Klein steht der Mensch in diesem gewaltigen Farbenraum. Er ist in ein schlichtes graues Gewand gekleidet und hat sein Haupt nach vorne geneigt. Ein Pilger? Ihm gegenüber quert eine graublaue Senkrechte wie eine Mauer das Bild. Er scheint nicht weiter zu kommen, am Anschlag zu sein, aufgeben zu müssen, zu resignieren. S-förmige Bogenlinien deuten an, dass er sich auf einem Weg befindet – und da diese vom unteren Bildrand ausgehen, steht die Person symbolisch auch für uns Betrachtende und lädt uns ein, diese ausweglose Situationen mit ihm zu teilen.

So verloren dieser Mensch im Bild steht, er ist nicht allein. Er steht nicht im Dunkeln, sondern in einem Licht, das seinen Anfang in der rechten oberen Ecke nimmt. Von hier aus wirkt eine dreifache Aktivität in das Bild hinein. Zum einen der Lichtstrahl selbst, dann ein dynamischer Farbbogen, und schließlich ein Kreuz, das mit seinen Armen das Bild in der Waagrechten durchquert.

Es steht still im Hintergrund. Mit seiner weißen Präsenz gibt es Halt und Ordnung. Der alles überspannende Kreuzesarm wirkt beschützend. Es erinnert an den Tod Jesu, an seine Ohnmacht angesichts des Todes und wie er nur in Verbundenheit mit seinem Vater stark sein konnte. In Verbindung mit dem Leiden und der Auferstehung Jesu sind auch der Lichtstrahl und der Farbbogen zu lesen.

Der Lichtstrahl steht für das die innere Dunkelheit erhellende Wort Gottes. Gott spricht! Wenn ich von mir absehe und mich ihm zuwende, kann ich seine Stimme in mir hören, die Worte, die er mir in der Stille zuspricht, wahrnehmen. Sein Wort kleidet in Licht und öffnet die Sinne für neue Möglichkeiten und Wege. Es offenbart die liebende Gegenwart Gottes, die in der roten U-Form uns Menschen umgibt und Geborgenheit schenkt, es lässt die Hoffnung durch das warme gelbe Licht der Auferstehung spüren und neben dem Unüberwindbaren auch die lichte Öffnung in der Bildmitte erkennen.

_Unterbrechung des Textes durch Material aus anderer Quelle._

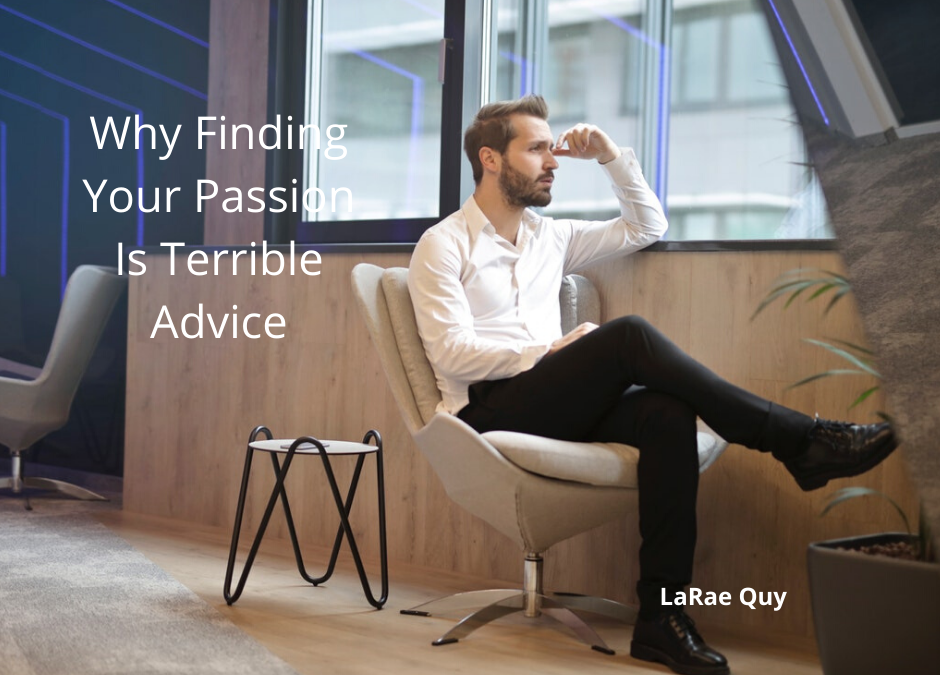 Why Finding Your Passion Is Terrible Advice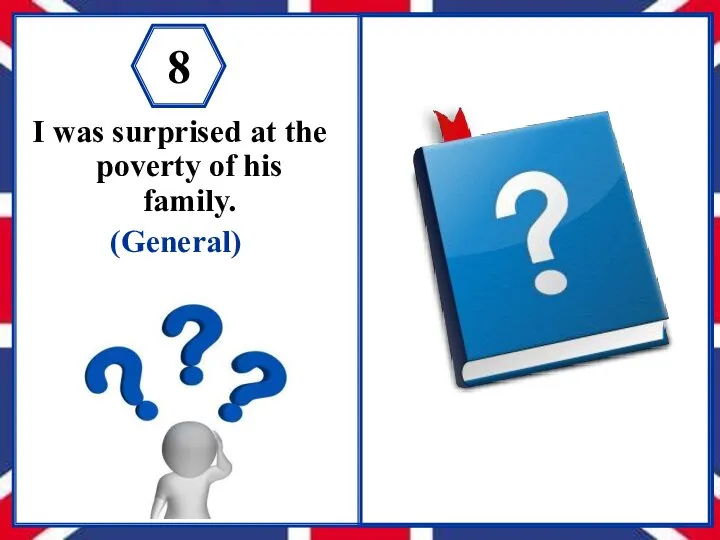 I was surprised at the poverty of his family. (General) 8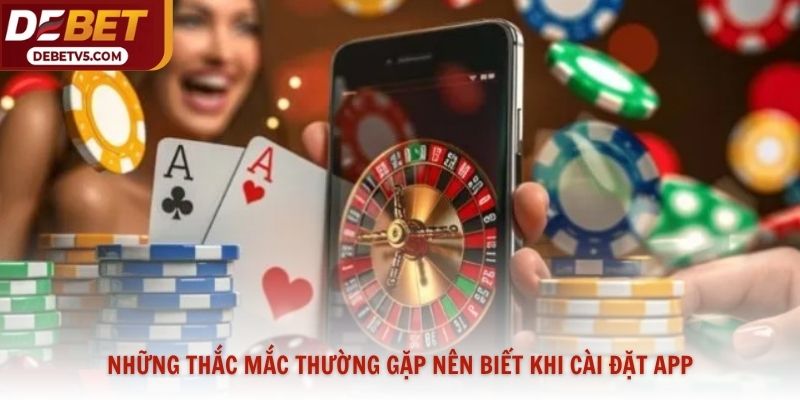 Những thắc mắc thường gặp nên biết khi cài đặt app
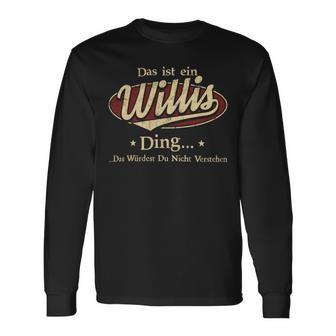 Das Ist Ein Willis Ding Das Würdest Du Nicht Verstehen Willis Name Langarmshirts - Geschenkecke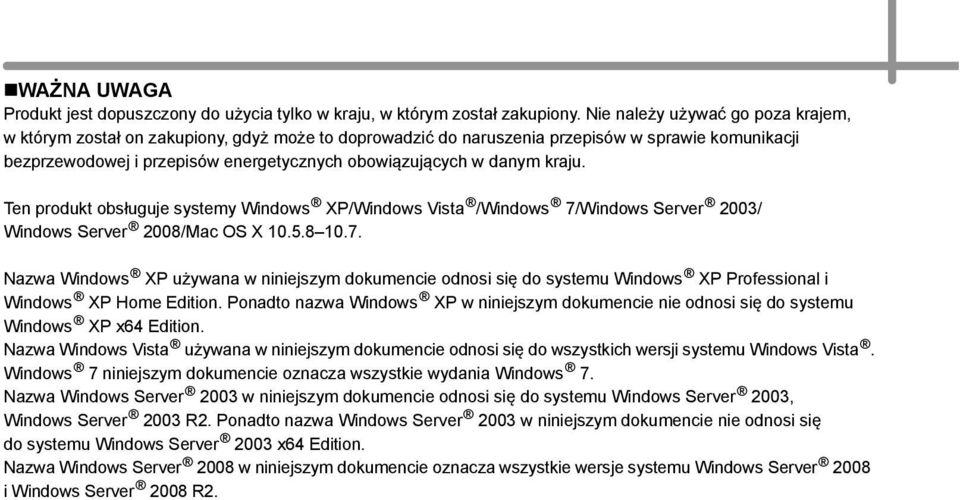 kraju. Ten produkt obsługuje systemy Windows XP/Windows Vista /Windows 7/Windows Server 2003/ Windows Server 2008/Mac OS X 10.5.8 10.7. Nazwa Windows XP używana w niniejszym dokumencie odnosi się do systemu Windows XP Professional i Windows XP Home Edition.
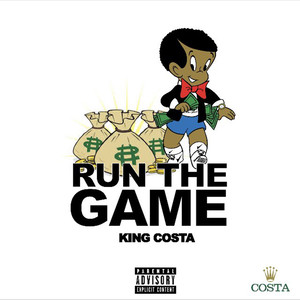 Run The Game (Explicit)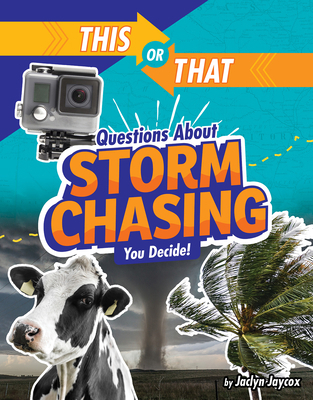 This or That Questions about Storm Chasing: You... 1663907072 Book Cover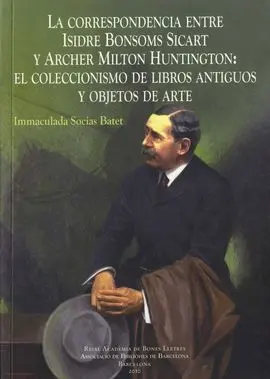 La Correspondencia entre Isidre Bonsoms Sicart y Archer Milton Huntington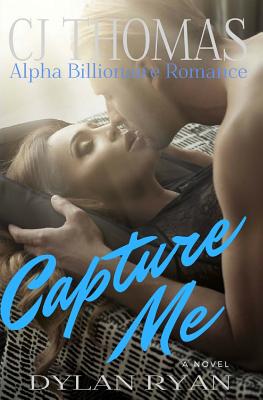 Capture Me: Alpha Billionaire Romance - Thomas, C J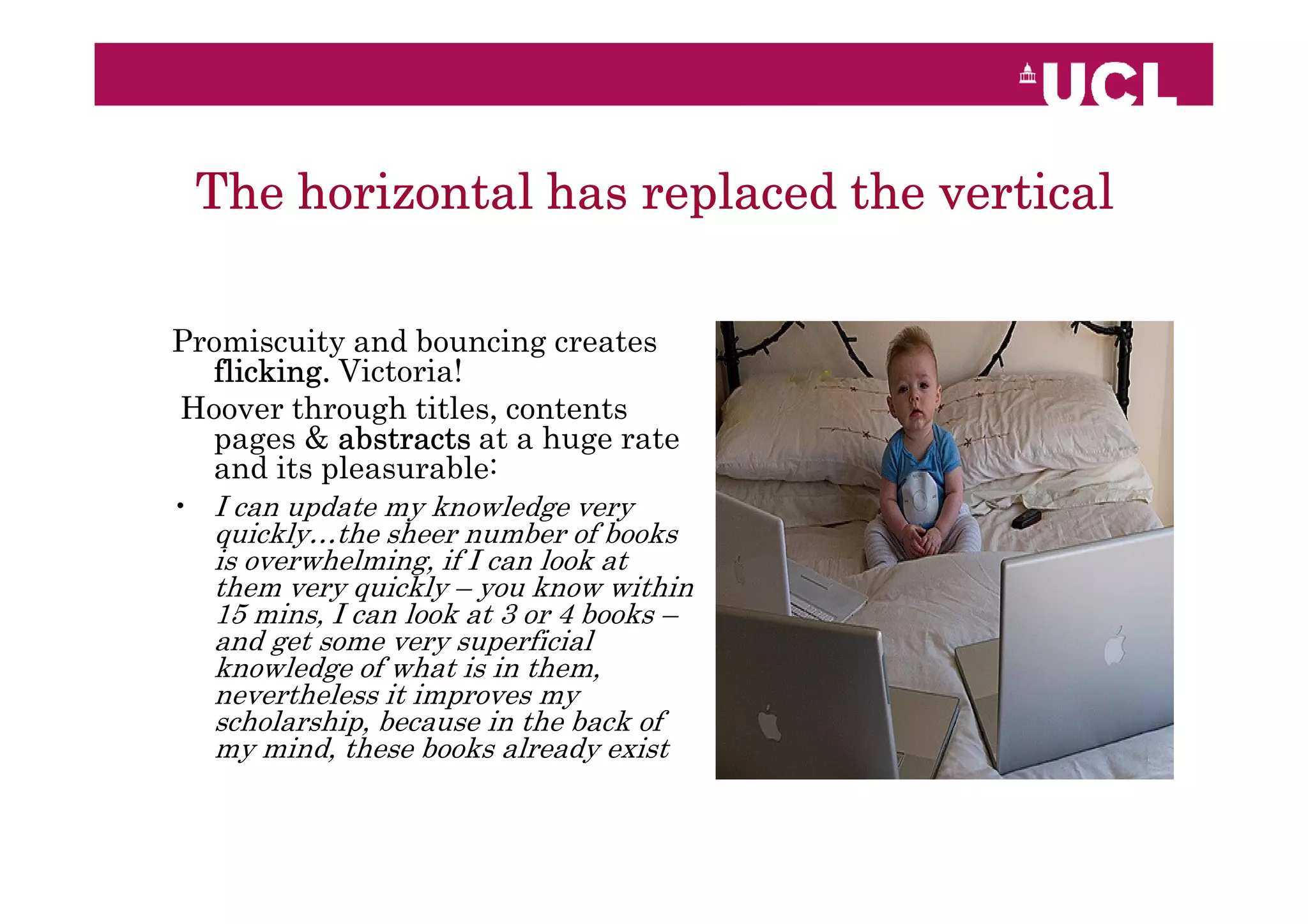 The horizontal has replaced the vertical

Promiscuity and bouncing creates
  flicking. Victoria!
Hoover through titles, contents
  pages & abstracts at a huge rate
  and its pleasurable:
• I can update my knowledge very
  quickly…the sheer number of books
  is overwhelming, if I can look at
  them very quickly – you know within
  15 mins, I can look at 3 or 4 books –
  and get some very superficial
  knowledge of what is in them,
  nevertheless it improves my
  scholarship, because in the back of
  my mind, these books already exist
 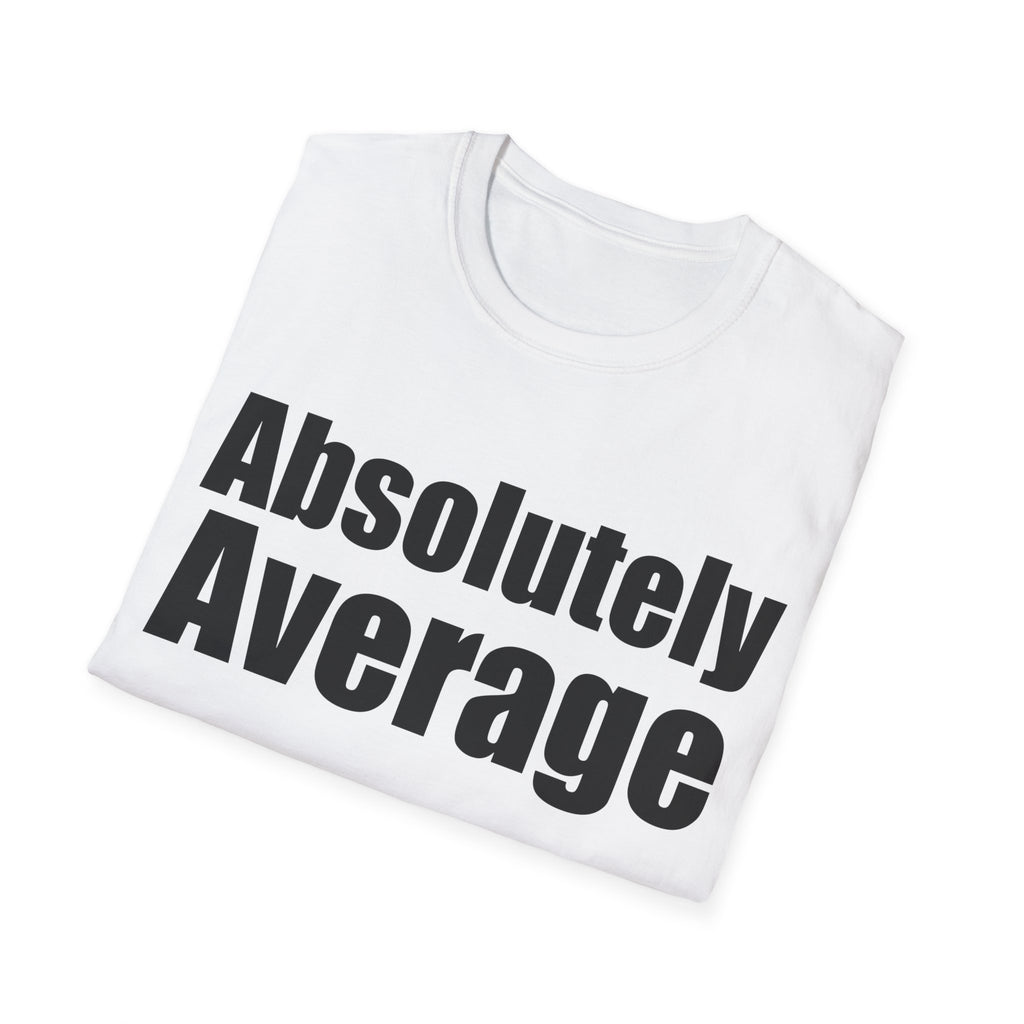 Absolutely Average T-Shirt — Funny Minimalist Graphic Tee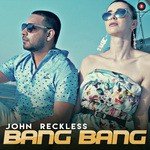 Bang Bang JR-John Reckless Song Download Mp3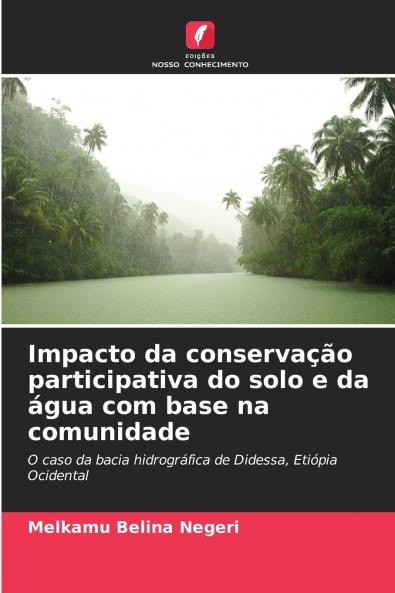 Impacto da conservação participativa do solo e da água com base na comunidade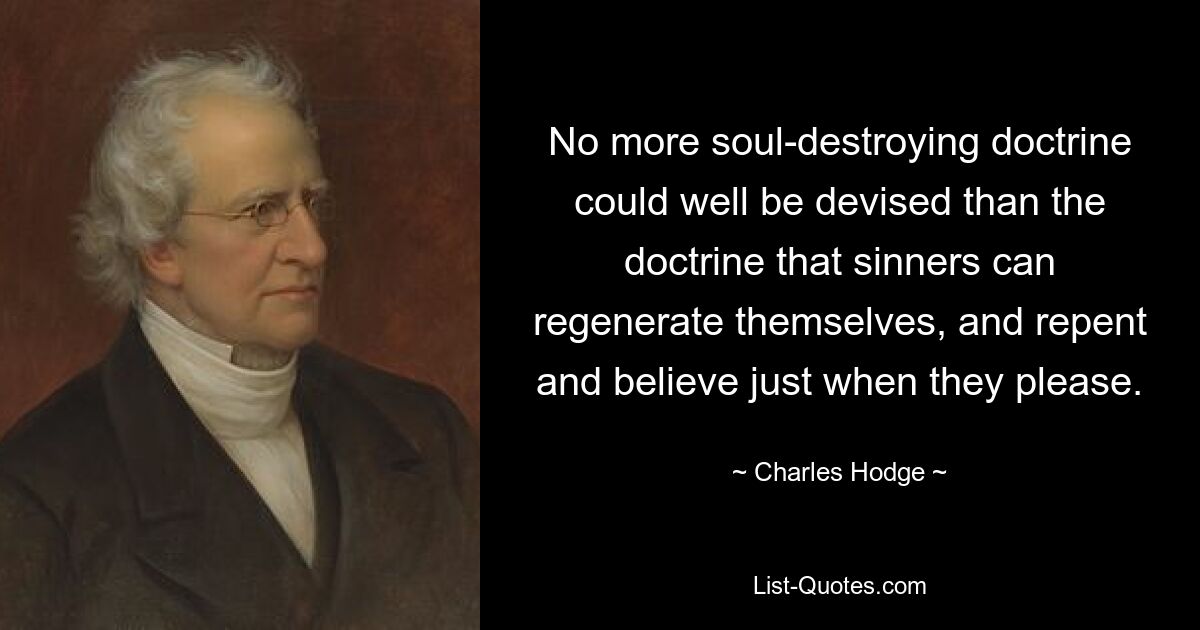 No more soul-destroying doctrine could well be devised than the doctrine that sinners can regenerate themselves, and repent and believe just when they please. — © Charles Hodge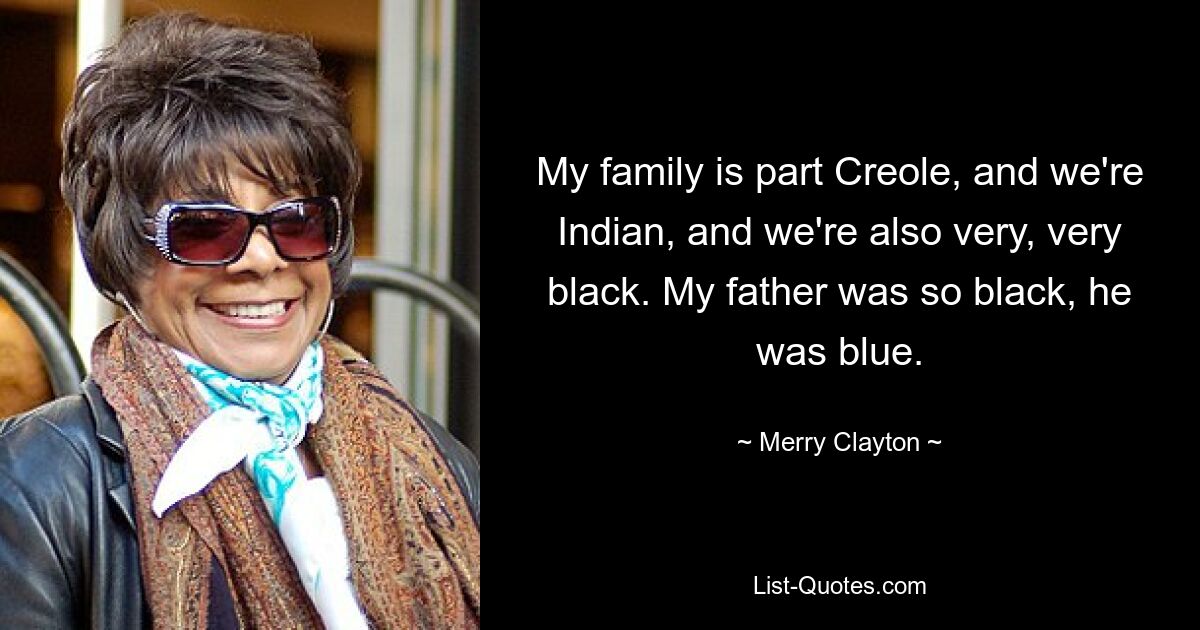 My family is part Creole, and we're Indian, and we're also very, very black. My father was so black, he was blue. — © Merry Clayton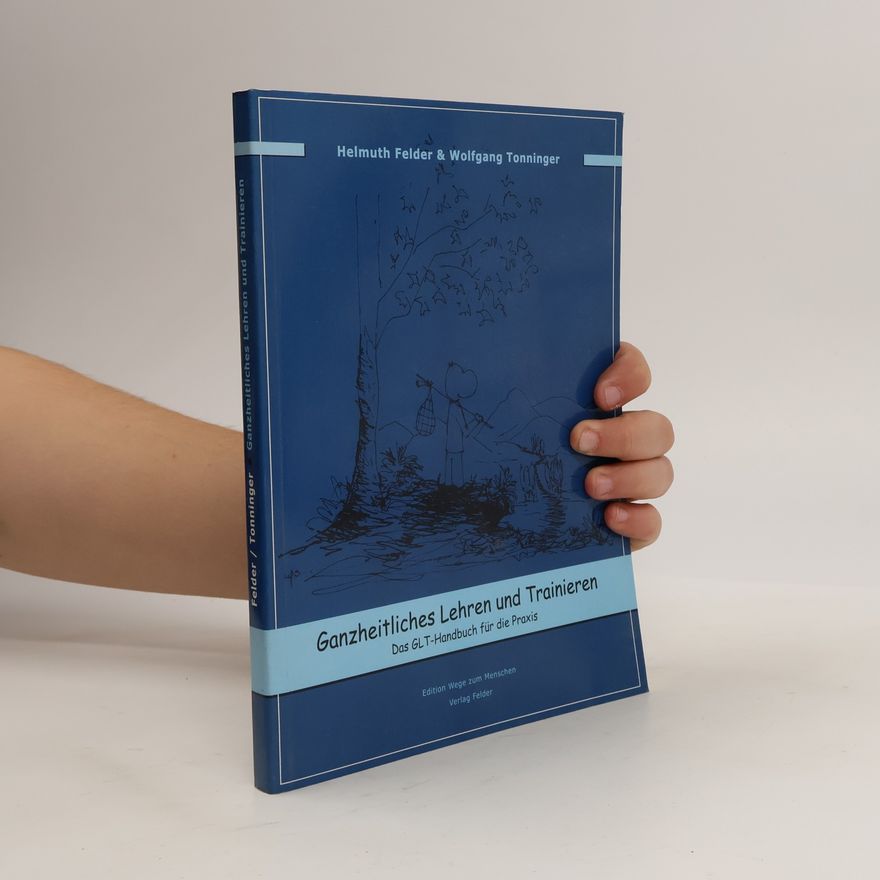 Helmuth Felder Ganzheitliches Lehren und Trainieren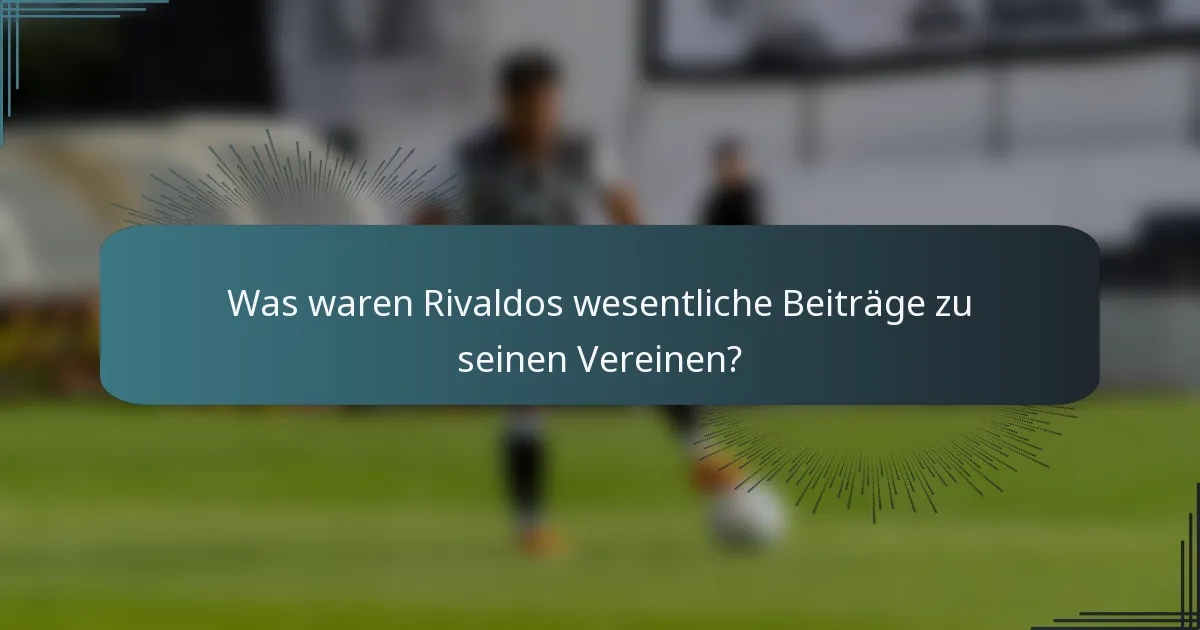 Was waren Rivaldos wesentliche Beiträge zu seinen Vereinen?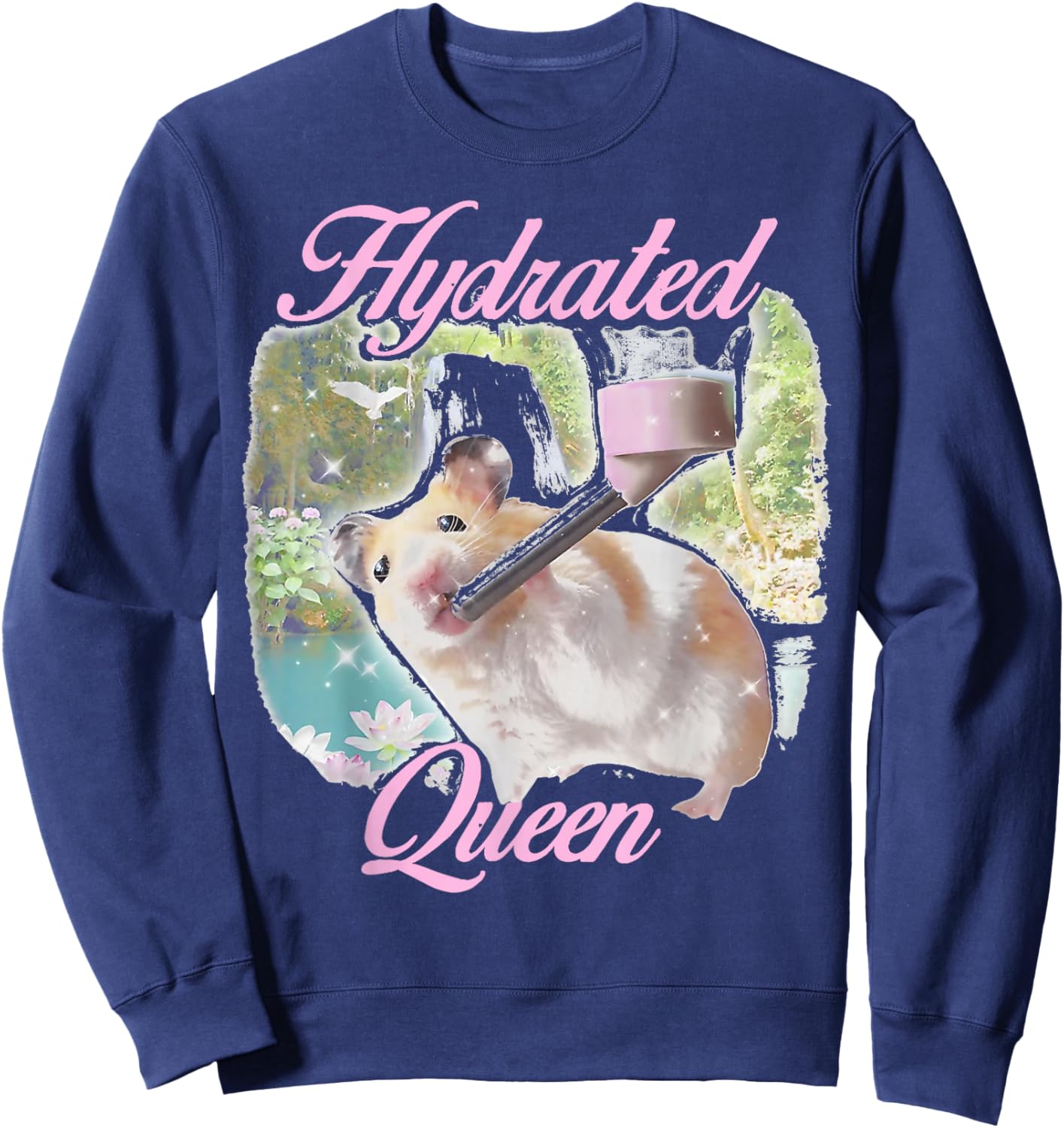 Hydrated Queen Cute Hamster Shining Lake Funny Meme Sweatshirt - Sweatshirt | Navy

Neben dem Kreuz (Jesus) und dem Wort Gottes (Vater) ermutigt und stärkt der sich ins Bild hineingießende Farbbogen (Hl. Geist) den im Bild stehenden Menschen. Oben schwach erkennbar, entfaltet der luftige Farbbogen nach unten immer mehr seine spritzige Farbkraft und durchdringt dabei den Menschen und gibt ihm durch die unterfangende Bewegung gleichzeitig Standfestigkeit.

So offenbart sich uns ein dreifaltiges Geschehen, das in dem, der sich und Gott seine Schwäche eingesteht, seine Kraft und Macht entfaltet. Ein pfingstliches Geschehen. Welch ein Anlass, ein Fest zu feiern.